In 2013 the DSF started regional networking events, more industry vertical outreach, increased its webcasts, and hosted its first DSF In-Forum, an event to provide end users with a business tool to freely and easily source Request for proposal (RFPs) for their projects. The legacy of Chairman Philip M. Cohen was the establishment of the networking meetings and increased membership.

In May 2014, the organization's membership count surpassed the 500-milestone.

In February 2016, the DSF announced that OVAB Europe would become an independent affiliate of the DSF, and that it would change its name to DSF Europe. DSF Europe has kept control of its own budget and annual agenda, and has a seat on the DSF Board of Directors.

==Activities==
Since its incorporation, the DSF has hosted a number of projects and initiatives with the aim to support research in, and to improve legislation, regulations, code and standards that affect the sale and use of, digital signage and other products and services within the interactive technologies industry, and the DOOH industry. It has established Privacy Standards that have since been cited in national publications and before Congress;.

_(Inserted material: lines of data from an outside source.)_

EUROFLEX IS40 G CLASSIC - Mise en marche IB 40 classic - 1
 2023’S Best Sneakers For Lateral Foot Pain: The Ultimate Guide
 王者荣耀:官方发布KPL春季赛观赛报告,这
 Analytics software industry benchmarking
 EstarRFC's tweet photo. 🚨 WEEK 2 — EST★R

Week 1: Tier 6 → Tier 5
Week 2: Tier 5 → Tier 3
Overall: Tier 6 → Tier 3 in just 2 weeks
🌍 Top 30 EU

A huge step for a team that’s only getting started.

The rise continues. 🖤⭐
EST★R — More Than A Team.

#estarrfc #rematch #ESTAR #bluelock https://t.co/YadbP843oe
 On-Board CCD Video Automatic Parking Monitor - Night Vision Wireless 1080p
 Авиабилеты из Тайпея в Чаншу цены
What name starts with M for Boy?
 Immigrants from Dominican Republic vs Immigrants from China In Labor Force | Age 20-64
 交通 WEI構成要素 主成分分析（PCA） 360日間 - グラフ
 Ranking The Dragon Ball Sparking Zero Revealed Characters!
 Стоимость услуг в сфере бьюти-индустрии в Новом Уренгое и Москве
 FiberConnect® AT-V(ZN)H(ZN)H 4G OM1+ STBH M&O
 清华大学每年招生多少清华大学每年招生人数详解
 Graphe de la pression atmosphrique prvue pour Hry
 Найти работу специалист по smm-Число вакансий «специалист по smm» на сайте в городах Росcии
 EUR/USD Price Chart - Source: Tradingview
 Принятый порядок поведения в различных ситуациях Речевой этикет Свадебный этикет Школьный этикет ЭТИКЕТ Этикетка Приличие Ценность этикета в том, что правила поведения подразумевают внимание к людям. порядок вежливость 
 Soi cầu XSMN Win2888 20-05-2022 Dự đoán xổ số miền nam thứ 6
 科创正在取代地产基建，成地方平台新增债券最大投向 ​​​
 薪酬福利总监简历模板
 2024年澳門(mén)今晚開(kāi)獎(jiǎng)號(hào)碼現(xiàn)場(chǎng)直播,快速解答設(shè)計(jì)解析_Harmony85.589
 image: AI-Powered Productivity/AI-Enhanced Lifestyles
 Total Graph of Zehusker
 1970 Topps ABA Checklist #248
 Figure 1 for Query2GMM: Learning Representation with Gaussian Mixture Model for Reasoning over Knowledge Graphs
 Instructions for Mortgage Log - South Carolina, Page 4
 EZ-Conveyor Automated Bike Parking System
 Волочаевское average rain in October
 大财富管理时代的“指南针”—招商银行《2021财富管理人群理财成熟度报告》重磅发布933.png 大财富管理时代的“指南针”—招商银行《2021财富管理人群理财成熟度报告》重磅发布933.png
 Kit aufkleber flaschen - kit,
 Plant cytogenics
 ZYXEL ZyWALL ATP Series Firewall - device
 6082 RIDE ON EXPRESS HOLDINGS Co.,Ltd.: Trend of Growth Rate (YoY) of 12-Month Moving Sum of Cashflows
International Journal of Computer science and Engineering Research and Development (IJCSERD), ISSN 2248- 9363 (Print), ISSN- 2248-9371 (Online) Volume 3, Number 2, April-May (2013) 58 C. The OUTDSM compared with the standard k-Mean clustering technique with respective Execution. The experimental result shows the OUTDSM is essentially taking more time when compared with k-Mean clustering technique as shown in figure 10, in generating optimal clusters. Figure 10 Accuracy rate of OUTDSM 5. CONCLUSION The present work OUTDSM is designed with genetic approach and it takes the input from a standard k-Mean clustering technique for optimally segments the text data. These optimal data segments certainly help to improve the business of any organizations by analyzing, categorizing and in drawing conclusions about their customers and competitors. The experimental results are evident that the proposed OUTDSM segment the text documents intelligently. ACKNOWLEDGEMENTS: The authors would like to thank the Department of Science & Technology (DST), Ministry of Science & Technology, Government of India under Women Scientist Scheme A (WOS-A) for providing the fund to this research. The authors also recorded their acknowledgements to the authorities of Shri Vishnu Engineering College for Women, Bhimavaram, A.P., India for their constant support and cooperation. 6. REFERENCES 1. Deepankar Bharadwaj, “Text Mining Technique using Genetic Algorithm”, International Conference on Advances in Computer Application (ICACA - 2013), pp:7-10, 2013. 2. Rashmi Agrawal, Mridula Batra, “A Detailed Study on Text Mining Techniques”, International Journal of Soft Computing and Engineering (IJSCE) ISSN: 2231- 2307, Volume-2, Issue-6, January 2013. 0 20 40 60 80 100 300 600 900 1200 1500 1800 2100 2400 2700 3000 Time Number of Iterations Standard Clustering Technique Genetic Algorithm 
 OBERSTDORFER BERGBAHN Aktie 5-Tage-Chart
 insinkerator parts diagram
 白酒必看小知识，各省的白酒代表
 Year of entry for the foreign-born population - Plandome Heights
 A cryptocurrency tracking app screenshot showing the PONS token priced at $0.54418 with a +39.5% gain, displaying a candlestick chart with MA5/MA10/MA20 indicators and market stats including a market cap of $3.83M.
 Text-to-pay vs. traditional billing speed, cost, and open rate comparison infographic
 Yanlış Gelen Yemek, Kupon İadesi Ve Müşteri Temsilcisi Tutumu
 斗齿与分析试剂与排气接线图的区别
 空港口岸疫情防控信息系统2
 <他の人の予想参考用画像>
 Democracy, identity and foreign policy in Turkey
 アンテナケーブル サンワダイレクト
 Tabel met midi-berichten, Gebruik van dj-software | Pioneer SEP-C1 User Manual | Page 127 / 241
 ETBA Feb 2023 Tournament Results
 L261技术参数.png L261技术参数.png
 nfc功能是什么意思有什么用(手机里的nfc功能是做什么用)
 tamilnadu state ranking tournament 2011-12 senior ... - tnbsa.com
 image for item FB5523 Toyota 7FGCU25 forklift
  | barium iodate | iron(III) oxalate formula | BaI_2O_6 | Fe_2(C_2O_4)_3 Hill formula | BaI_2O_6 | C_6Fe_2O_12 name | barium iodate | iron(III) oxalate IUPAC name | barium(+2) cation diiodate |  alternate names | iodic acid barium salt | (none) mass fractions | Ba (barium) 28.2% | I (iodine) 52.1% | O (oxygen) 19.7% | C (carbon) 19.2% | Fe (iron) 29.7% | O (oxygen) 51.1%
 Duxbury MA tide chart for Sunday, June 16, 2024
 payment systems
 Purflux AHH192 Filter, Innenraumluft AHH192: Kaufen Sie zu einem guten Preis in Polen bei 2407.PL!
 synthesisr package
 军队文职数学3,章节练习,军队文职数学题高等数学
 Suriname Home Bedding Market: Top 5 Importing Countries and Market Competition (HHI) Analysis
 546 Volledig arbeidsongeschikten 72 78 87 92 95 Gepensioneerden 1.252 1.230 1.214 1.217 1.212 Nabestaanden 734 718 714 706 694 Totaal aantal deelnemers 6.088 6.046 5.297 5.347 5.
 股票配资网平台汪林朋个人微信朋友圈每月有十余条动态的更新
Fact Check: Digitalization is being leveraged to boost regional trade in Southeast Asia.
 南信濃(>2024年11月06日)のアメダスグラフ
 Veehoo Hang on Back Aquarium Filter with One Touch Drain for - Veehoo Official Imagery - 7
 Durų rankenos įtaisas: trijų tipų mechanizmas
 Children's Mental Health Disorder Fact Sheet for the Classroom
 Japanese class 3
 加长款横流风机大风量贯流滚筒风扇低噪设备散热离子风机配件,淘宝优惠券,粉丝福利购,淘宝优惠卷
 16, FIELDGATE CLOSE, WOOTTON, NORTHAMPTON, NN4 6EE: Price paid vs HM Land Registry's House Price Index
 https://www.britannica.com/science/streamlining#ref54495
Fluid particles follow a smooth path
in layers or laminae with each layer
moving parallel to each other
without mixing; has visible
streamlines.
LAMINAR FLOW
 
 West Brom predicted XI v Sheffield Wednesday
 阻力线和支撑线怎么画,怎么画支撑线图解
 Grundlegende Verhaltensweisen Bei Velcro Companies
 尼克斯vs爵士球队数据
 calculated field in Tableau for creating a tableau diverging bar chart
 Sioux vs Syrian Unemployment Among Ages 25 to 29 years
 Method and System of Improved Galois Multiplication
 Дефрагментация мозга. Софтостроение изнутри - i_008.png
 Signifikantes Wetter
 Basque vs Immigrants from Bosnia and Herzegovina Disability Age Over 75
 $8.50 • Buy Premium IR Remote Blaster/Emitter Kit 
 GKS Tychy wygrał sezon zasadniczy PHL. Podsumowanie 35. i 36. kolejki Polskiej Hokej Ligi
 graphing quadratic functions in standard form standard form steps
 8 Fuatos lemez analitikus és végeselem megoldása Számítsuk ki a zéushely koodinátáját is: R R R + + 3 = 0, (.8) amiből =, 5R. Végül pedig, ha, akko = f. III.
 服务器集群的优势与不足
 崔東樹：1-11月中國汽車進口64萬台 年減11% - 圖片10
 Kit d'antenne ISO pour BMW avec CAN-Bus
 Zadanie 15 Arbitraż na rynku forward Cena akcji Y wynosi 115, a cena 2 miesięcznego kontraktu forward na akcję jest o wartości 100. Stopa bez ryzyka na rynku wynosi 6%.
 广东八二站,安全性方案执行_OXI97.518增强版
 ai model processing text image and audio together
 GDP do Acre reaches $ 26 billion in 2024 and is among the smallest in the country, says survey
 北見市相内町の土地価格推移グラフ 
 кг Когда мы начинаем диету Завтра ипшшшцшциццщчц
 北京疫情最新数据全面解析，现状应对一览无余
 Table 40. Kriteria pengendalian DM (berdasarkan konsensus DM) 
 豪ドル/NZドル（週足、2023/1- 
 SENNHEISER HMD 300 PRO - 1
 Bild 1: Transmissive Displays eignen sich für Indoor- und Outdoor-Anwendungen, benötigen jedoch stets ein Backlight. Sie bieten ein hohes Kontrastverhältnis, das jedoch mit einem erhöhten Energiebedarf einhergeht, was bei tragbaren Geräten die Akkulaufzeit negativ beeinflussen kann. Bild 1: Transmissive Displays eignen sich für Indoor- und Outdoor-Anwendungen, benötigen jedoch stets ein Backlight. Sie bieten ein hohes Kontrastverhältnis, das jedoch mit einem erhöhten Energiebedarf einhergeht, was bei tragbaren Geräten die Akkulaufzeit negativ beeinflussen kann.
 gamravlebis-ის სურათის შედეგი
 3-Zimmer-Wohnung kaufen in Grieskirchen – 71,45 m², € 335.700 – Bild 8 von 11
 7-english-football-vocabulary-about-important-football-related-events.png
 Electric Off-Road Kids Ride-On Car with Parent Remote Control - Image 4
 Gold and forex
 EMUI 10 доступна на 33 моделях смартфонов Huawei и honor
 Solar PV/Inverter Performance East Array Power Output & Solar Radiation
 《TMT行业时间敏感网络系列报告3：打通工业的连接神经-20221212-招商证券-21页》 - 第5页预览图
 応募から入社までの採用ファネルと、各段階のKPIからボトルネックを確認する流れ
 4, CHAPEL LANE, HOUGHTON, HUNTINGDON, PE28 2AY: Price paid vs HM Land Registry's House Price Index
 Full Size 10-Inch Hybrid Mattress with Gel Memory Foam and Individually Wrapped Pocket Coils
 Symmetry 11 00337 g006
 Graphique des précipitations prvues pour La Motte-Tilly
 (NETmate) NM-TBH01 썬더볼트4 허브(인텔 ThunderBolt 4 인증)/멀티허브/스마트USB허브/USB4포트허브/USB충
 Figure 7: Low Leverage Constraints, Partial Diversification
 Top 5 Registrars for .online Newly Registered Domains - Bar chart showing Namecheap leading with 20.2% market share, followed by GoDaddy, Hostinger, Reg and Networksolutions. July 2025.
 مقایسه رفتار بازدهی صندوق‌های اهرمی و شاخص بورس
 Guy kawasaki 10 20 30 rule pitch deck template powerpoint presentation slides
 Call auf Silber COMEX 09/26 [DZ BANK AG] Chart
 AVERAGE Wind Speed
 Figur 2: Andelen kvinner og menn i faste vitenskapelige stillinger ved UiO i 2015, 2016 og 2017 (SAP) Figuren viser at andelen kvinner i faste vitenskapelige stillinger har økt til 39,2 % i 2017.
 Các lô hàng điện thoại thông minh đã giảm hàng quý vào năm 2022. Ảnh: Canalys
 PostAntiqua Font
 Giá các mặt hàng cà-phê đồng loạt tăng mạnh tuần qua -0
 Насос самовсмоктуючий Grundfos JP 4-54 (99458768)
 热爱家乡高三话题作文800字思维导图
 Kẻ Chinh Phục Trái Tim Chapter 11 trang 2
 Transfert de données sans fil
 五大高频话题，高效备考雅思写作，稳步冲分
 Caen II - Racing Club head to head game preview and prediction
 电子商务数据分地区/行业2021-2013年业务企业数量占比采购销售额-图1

The DSF has provided monthly educational opportunities in a variety of formats to facilitate learning opportunities, whitepapers and case studies important to the industry. Some of the initial activities of the association included a member directory, online topical webinars, adoption of an industry privacy standard, and recognition of college affiliated chapters. The DSF has established Regional Networking Events, attended various industry shows, and provided industry research.

The DSF is governed by a Board of Directors, a volunteer member board that is elected by the DSF membership in an annual election. The board consists of an Executive Committee - Chairman, Vice-Chairman, Treasurer/Secretary, and Immediate Past Chairman, all of whom serve one-year terms in their roles. The At-Large Directors are elected to two-year terms on a rotating basis, so that there are four or five directors each year who rotate on/off the board.

==Certification==
The Digital Signage Federation, the Digital Signage Expo and numerous manufacturers, distributors, Sellers, and end users have partnered with the Digital Signage Experts Group (DSEG) to bring a comprehensive set of certification programs to the digital signage industry. These courses are designed to bring an individual the education they need, from a fundamental level, to in depth technical training in critical areas of digital signage. These certification programs are administered by an independent industry organization and advisory board, to bring a clear educational message and industry recognition for professional achievement.

The Digital Signage Federation has adopted the Digital Signage Experts Group (DSEG) industry certifications for inclusion in the DSF's efforts to establish industry standards, promote professionalism, and provide continuity of education for the digital signage industry. In addition, the DSEG is providing DSF members discounts on these programs.